TASK GOAL: Drop the pictures, then extract the listing word for word.

EXERCISE INPUT:
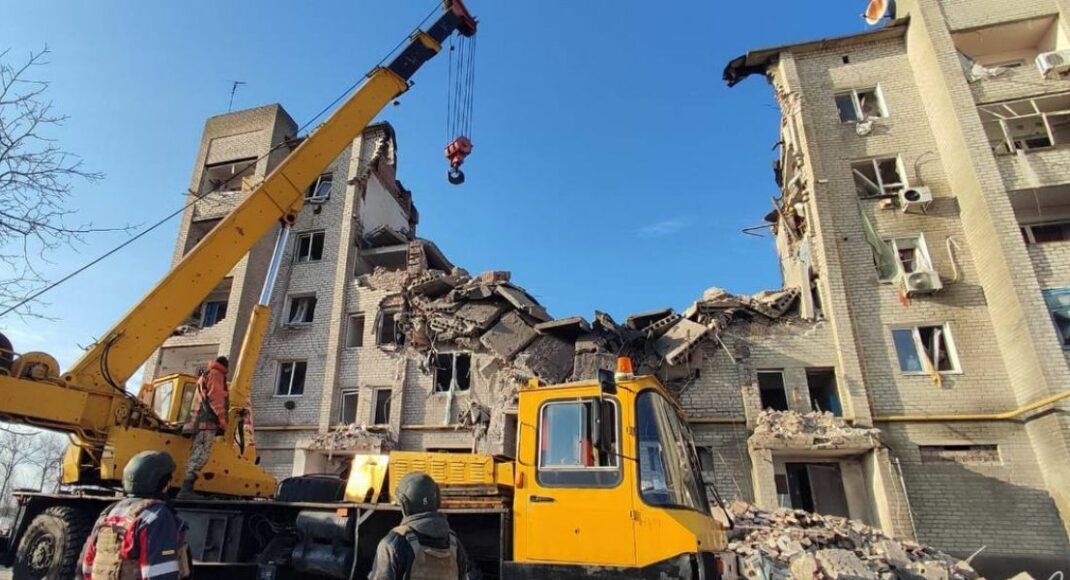 В результате авиаудара по Нью-Йорку в Донецкой области погибли 4 человека, еще 3 ранены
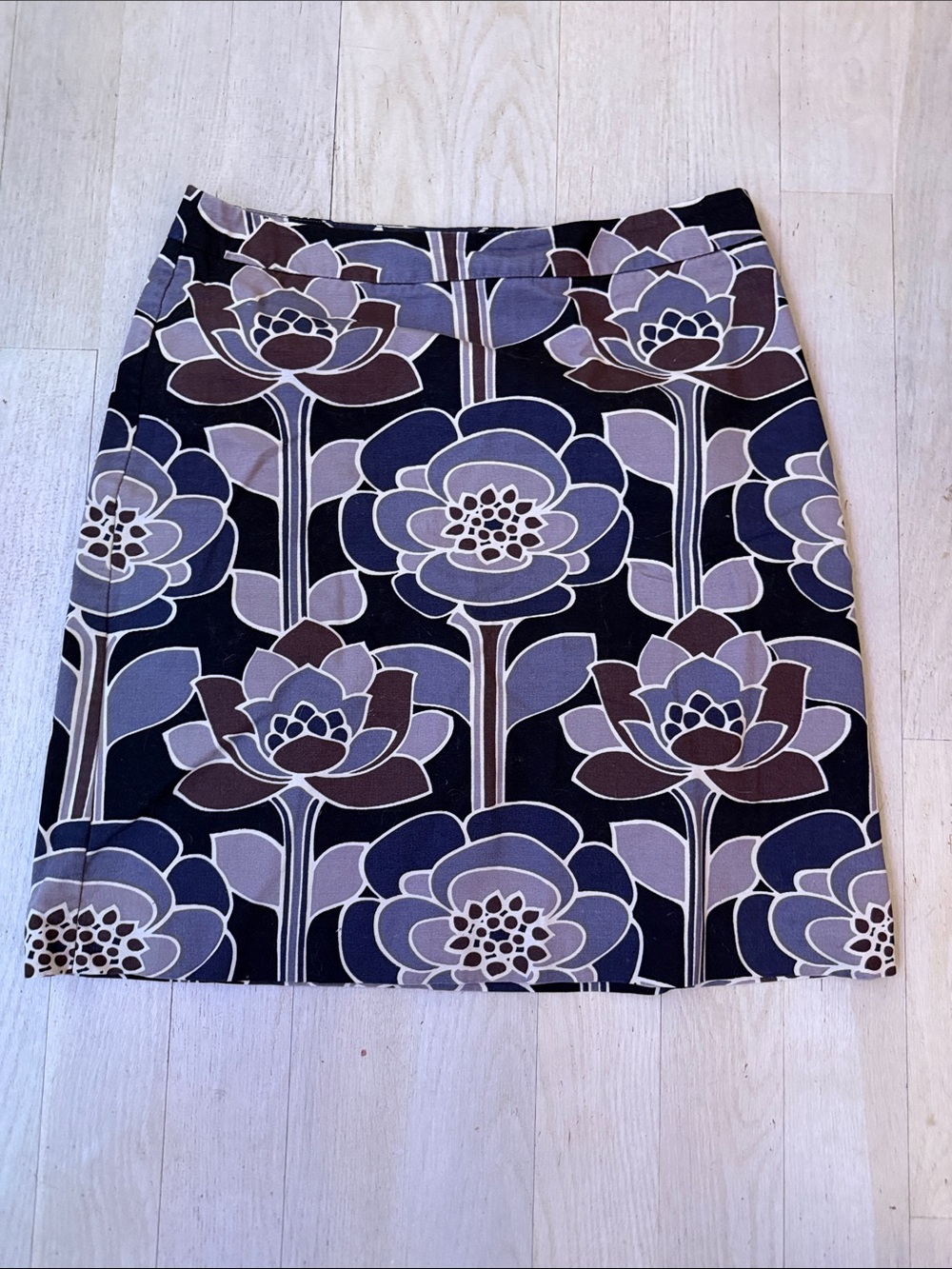 Boden Floral Pencil Skirt in Navy and Brown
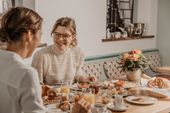 Verwöhnfrühstück für Erwachsener + Kinder ab 15 Jahre
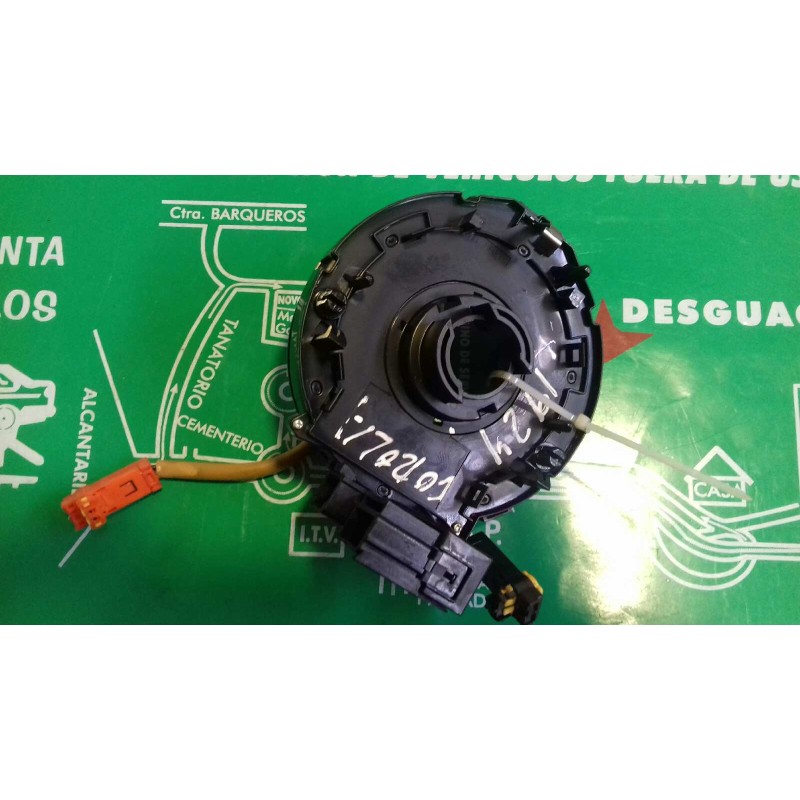 Recambio de anillo airbag para toyota corolla (e12) 1.4 linea terra berlina referencia OEM IAM 5KJ0413CC 5KJ0413 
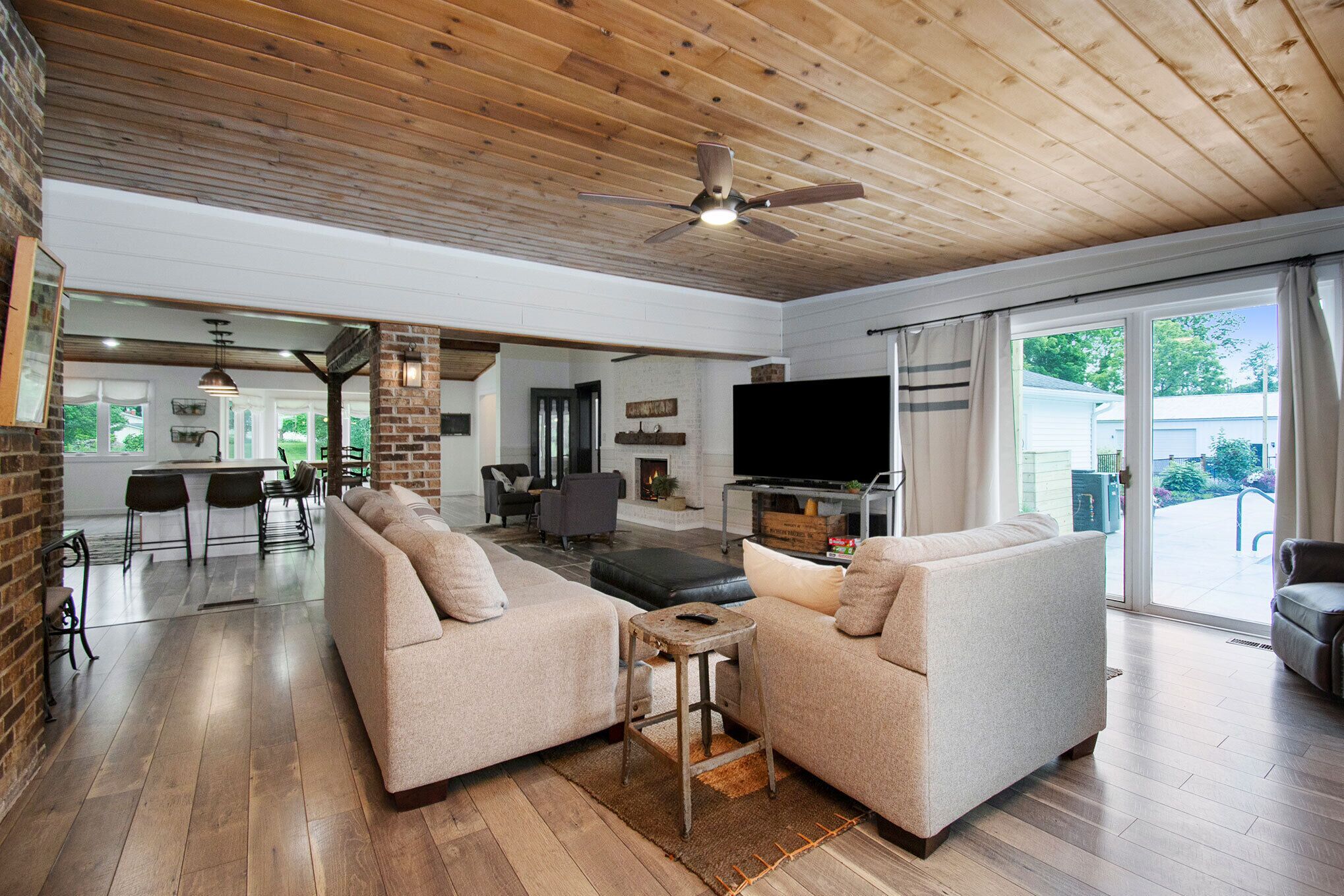 Otsego Château Sanctuary - Pool / Guest House / Event Venue / Pond / Fire Pit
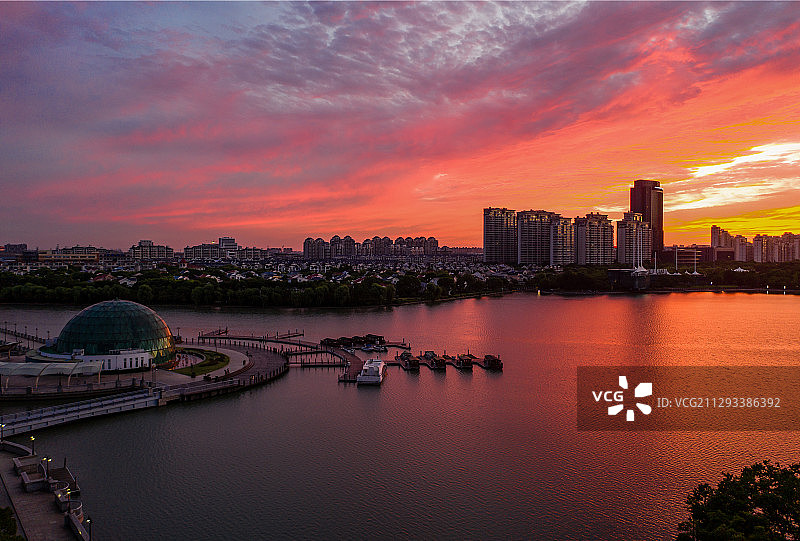 上海松江 泰晤士小镇华亭湖绚丽朝霞图片素材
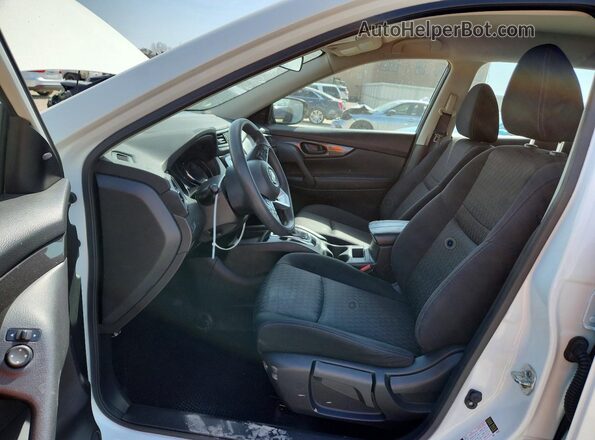 JN8AT2MV0LW138303 2020 NISSAN ROGUE Белый Вид салона спереди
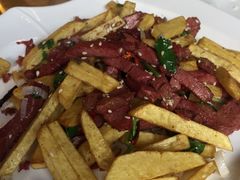 土豆条煸牛肉-德居源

OUTPUT FOR THIS EXERCISE:
 В результате авиаудара по Нью-Йорку в Донецкой области погибли 4 человека, еще 3 ранены
 Boden Floral Pencil Skirt in Navy and Brown
 Verwöhnfrühstück für Erwachsener + Kinder ab 15 Jahre
 Recambio de anillo airbag para toyota corolla (e12) 1.4 linea terra berlina referencia OEM IAM 5KJ0413CC 5KJ0413 
 Otsego Château Sanctuary - Pool / Guest House / Event Venue / Pond / Fire Pit
 上海松江 泰晤士小镇华亭湖绚丽朝霞图片素材
 JN8AT2MV0LW138303 2020 NISSAN ROGUE Белый Вид салона спереди
 土豆条煸牛肉-德居源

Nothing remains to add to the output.